Pada dasarnya minat ada yang muncul dengan sendirinya yang disebut minat spontan dan ada minat yang muncul dan dibangkitkan dengan sengaja. Pendapat lain mengatakan bahwa minat terbagi kepada dua bagian, yaitu minat pembawan dan lingkungan. Biasanya minat ini muncul berdasarkan bakat yang ada, misalnya apabila seseorang memiliki bakat di bidang pendidikan (guru) maka ia akan masuk ke fakultas keguruan. Minat seseorang bisa saja berubah karena adanya pengaruh seperti kebutuhan dan lingkungan.


5. Motivasi Siswa
Motif merupakan pendorong bagi suatu organisme untuk melakukan sesuatu (M. Ngalim Purwanto, 2007:103). Pendapat lain mengatakan bahwa motif ialah keadaan internal organisem –baik manusia ataupun hewan– yang mendorongnya untuk berbuat sesuatu (Muhibbin Syah, 1997:136).
Motivasi dapat dibedakan menjadi dua macam, yaitu intrinsik dan ekstrinsik.

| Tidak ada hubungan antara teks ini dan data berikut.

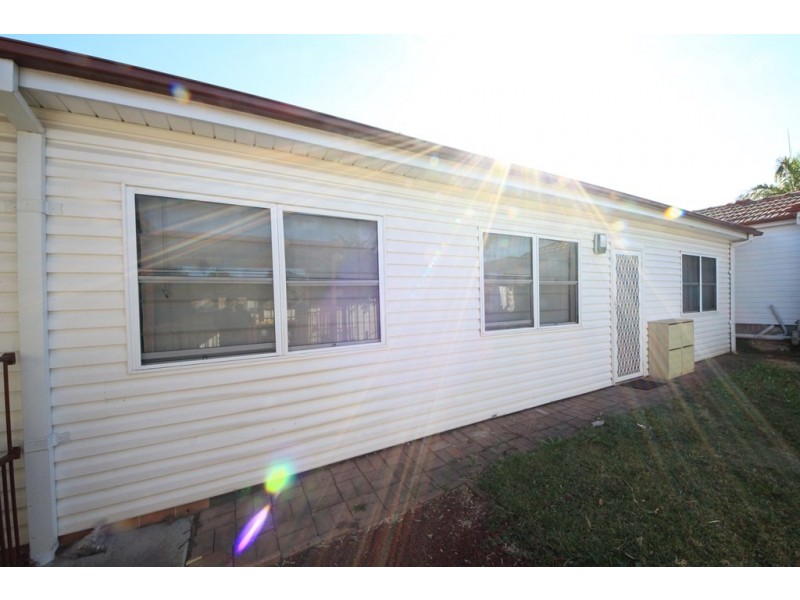 75 McCredie Rd, Guildford NSW 2161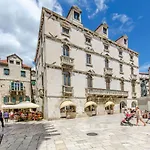 Apartment Lutikano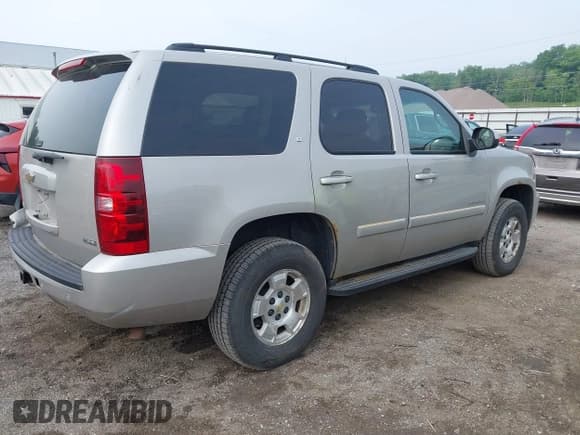 ✅ 2008 Chevrolet Tahoe 3LT • VIN: 1GNFK13058J103613 • Лот: 42452094. Опубликован ранее на IAAI с пробегом 221 408 миль. Бесплатный доступ к архиву аукционных продаж из США и подробный отчёт об истории автомобиля на DreamBid. Изображение 4.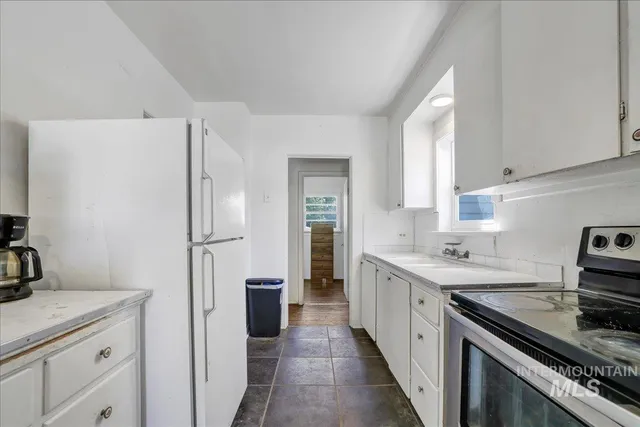 $315,000 | 202 East 2nd Street, Shoshone, ID 83352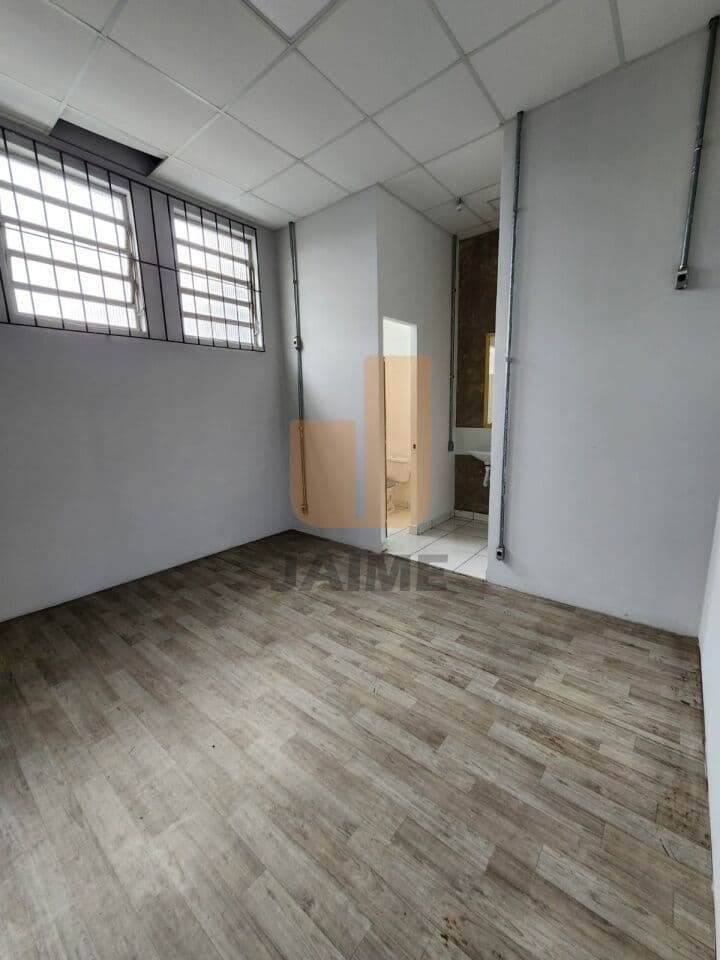 Comercial na AL RIBEIRO DA SILVA — Campos Elíseos, São Paulo - foto 4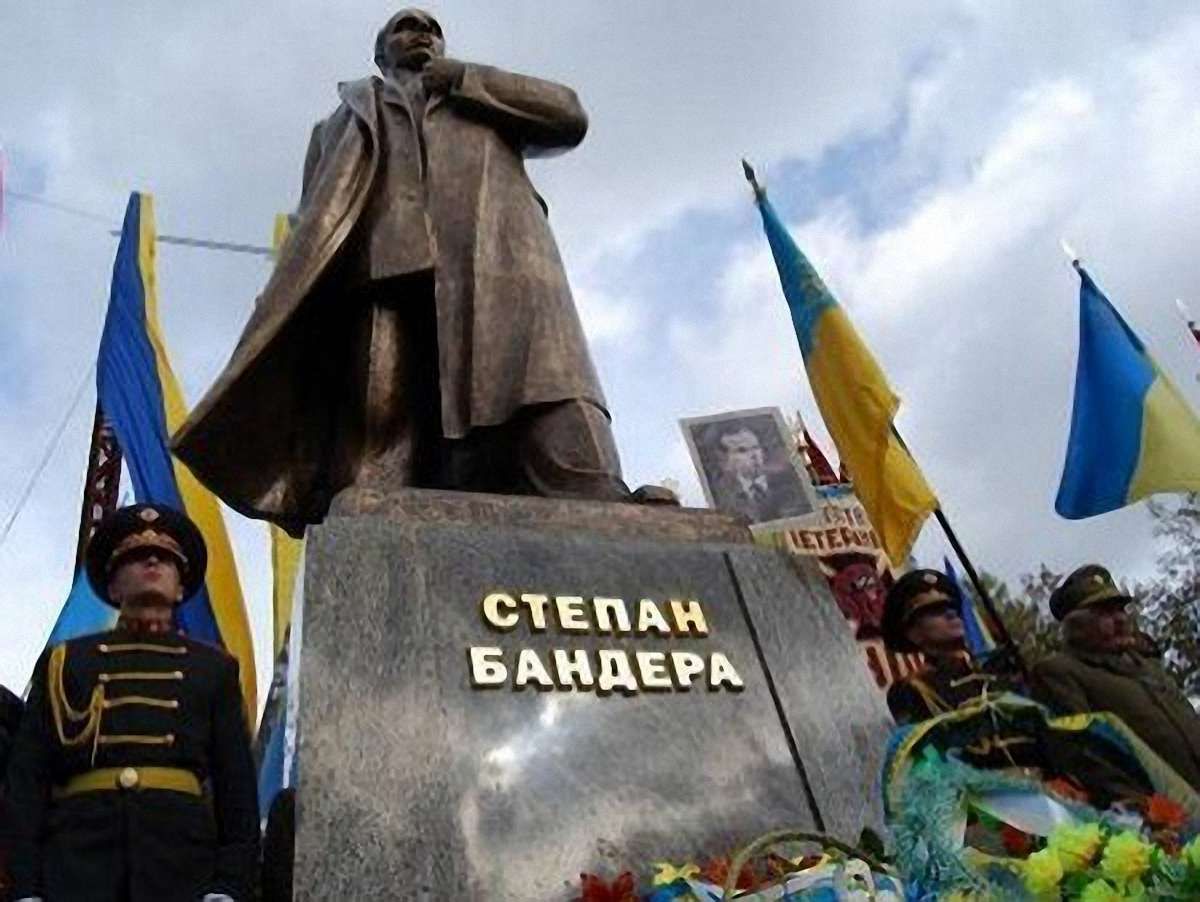 Львівська облрада дала 800 тис. грн на пам’ятник Бандері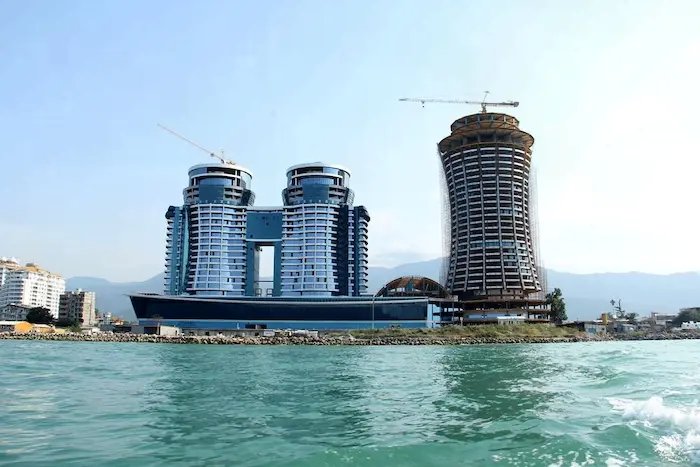 برج های متل قو در کنار دریای خزر 5645664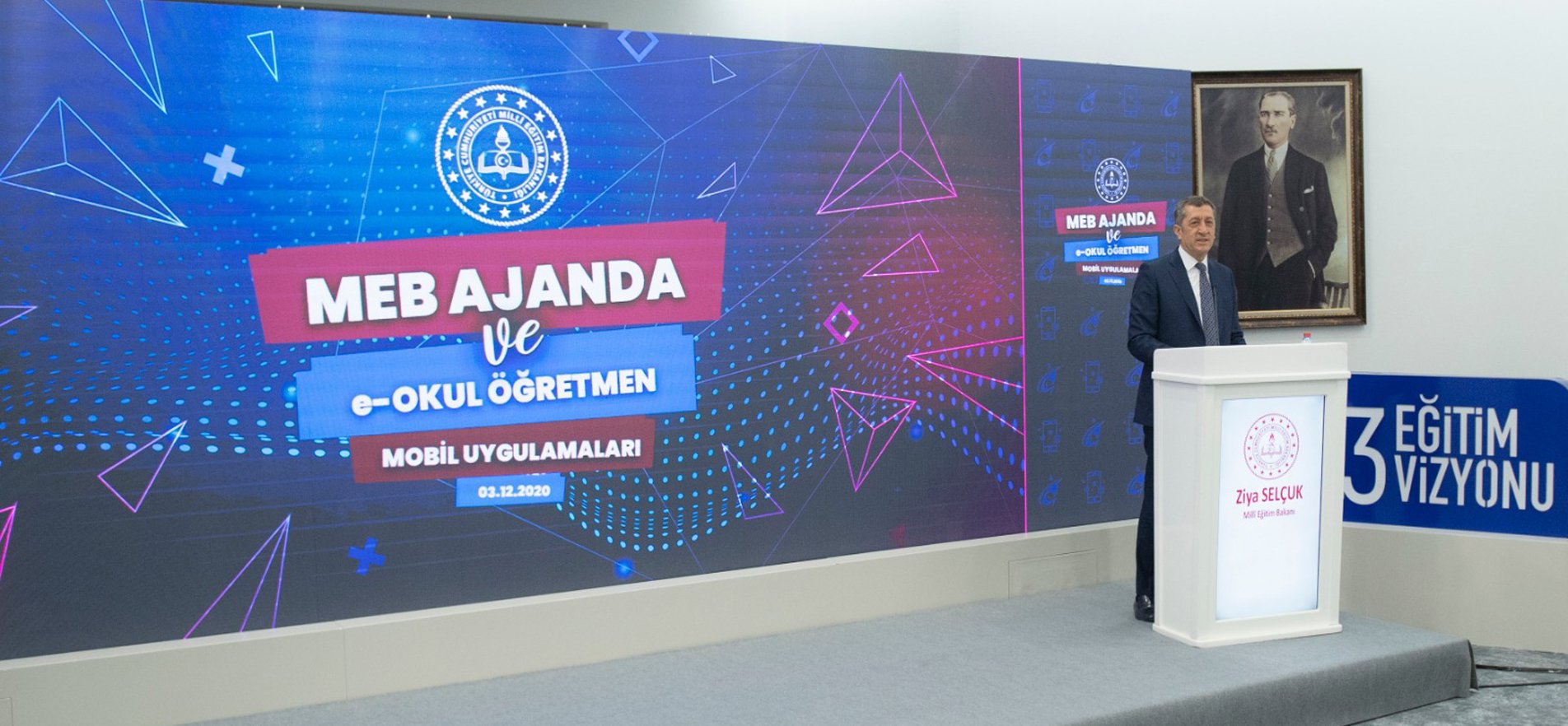 Bakan Selçuk, "MEB Ajanda" ve "E-Okul Öğretmen" Uygulamalarını Tanıttı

Motivasi intrinsik adalah hal dan keadaan yang berasal dari dalam diri siswa sendiri yang dapat mendorongnya melakukan tindakan belajar. Sedangkan motivasi ekstrinsik adalah hal dan keadaan yang datang dari luar individu siswa yang juga mendorongnya untuk melakukan kegiatan belajar (Muhibbin Syah, 1997:136-137). Kekurangan atau ketiadaan motivasi, baik yang bersifat internal maupun yang bersifat eksternal, akan menyebabkan kurang bersemangatnya siswa dalam melakukan proses pembelajaran materi-materi pelajaran baik di sekolah maupun di rumah.

D. Penutup
Dari pembahasan yang telah disampaikan di atas, dapat diambil sebuah kesimpulan bahwa dalam proses pembelajaran guru memiliki kewajiban untuk memperhatikan aspek-aspek psikologis siswa guna tercapainya proses pembelajaran. Kelima aspek psikologis di atas, yaitu tingkat kecerdasan, sikap, bakat, minat, dan motivasi siswa harus mendapat perhatian penuh dari seorang tenaga pengajar, dalam hal ini guru. Tanpa kelima aspek tersebut tingkat keberhasilan belajar tidak akan tercapai.



Referensi:
Praja, Juhaya S. & Efendi, Usman. 1984. Pengantar Psikologi. Bandung: Angkasa.
Purwanto, M. Ngalim. 2007. Psikologi Pendidikan. Bandung: Remaja Rosdakarya.
Syah, Muhibbin. 1997. Psikologi Pendidikan Suatu Pendekatan Baru. Bandung: Rosda Karya.
Winkel, W.S. 1996. Psikologi Pengajaran. Jakarta: Grasindo.